## Task
Once you find the line below that has "GUCCI GG Supreme", output it and every line after it exactly, stopping after the line that has "ショート・ボブ/丸顔/前髪あり/絶壁解消/30代/40代", with no pictures.

BEGIN Provided records

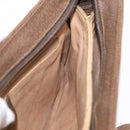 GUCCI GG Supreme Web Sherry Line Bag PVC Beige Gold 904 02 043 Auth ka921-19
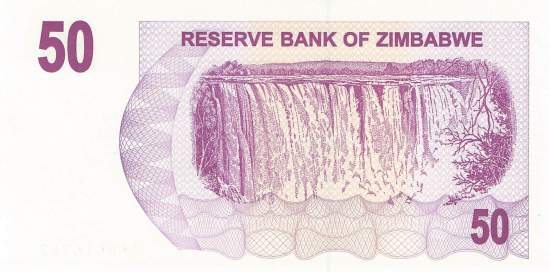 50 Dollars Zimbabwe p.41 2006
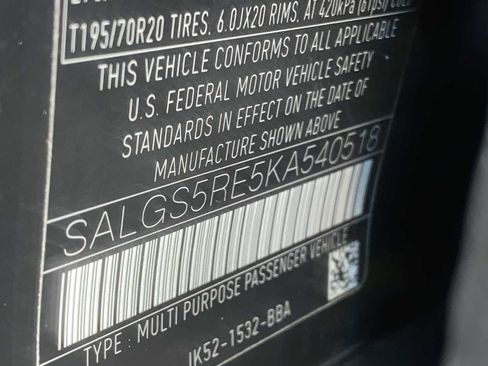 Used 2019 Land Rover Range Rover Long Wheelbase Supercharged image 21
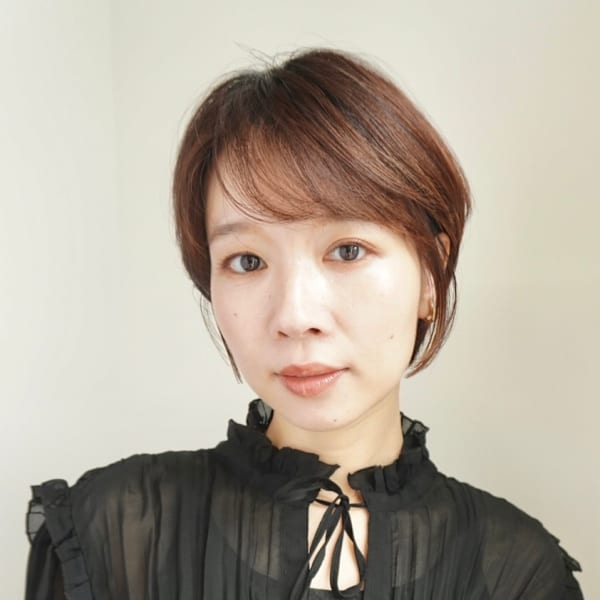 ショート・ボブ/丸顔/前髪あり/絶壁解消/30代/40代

END Provided records
BEGIN Provided records

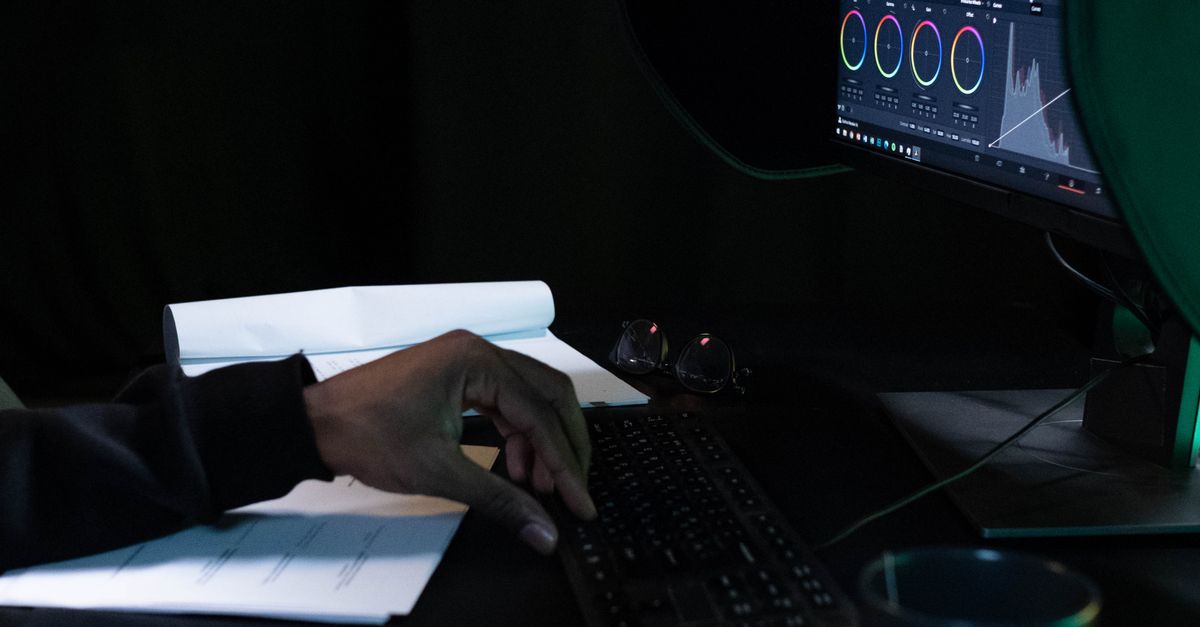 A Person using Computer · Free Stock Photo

END Provided records
BEGIN Provided records

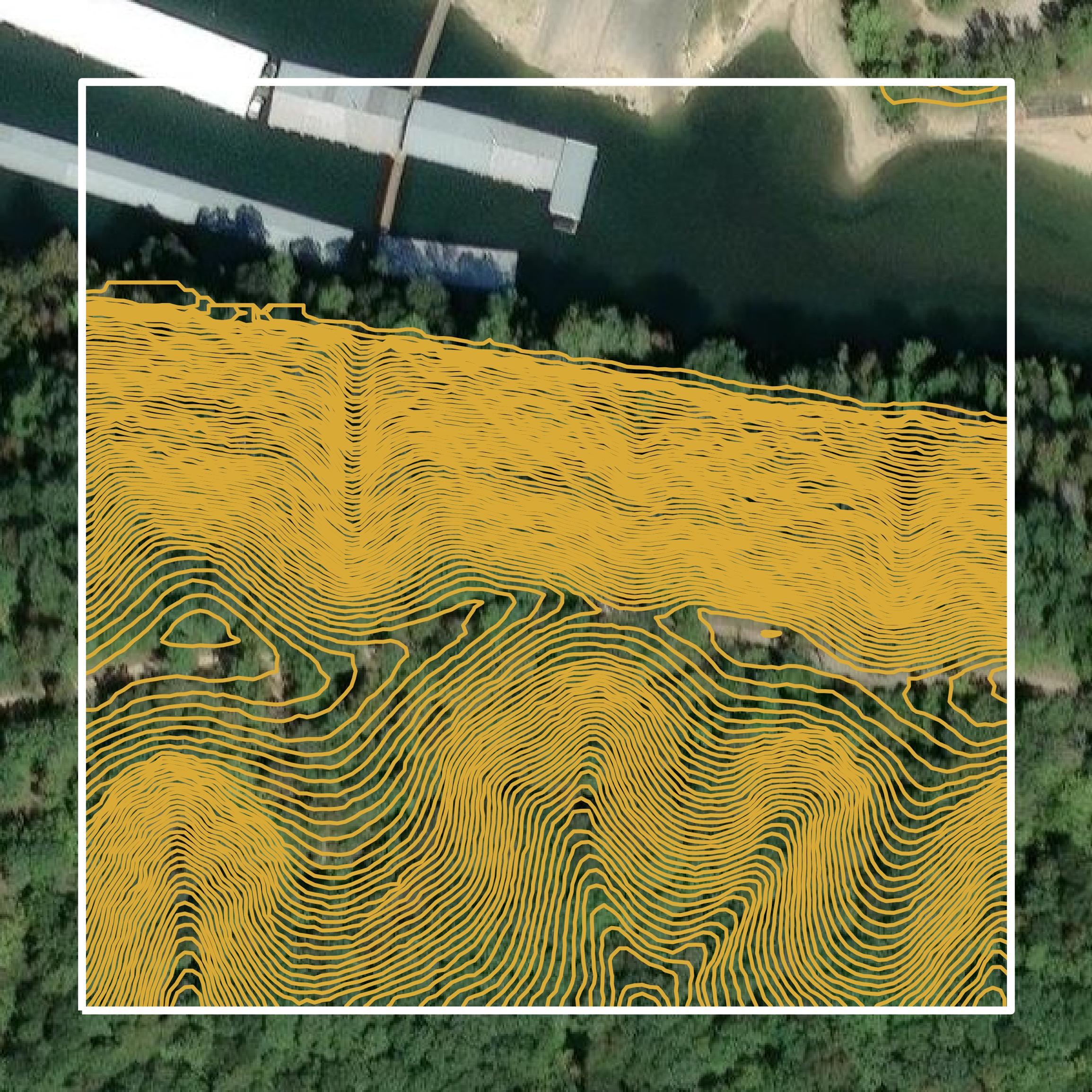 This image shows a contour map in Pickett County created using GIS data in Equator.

END Provided records

## Exercise answer
 GUCCI GG Supreme Web Sherry Line Bag PVC Beige Gold 904 02 043 Auth ka921-19
 50 Dollars Zimbabwe p.41 2006
 Used 2019 Land Rover Range Rover Long Wheelbase Supercharged image 21
 ショート・ボブ/丸顔/前髪あり/絶壁解消/30代/40代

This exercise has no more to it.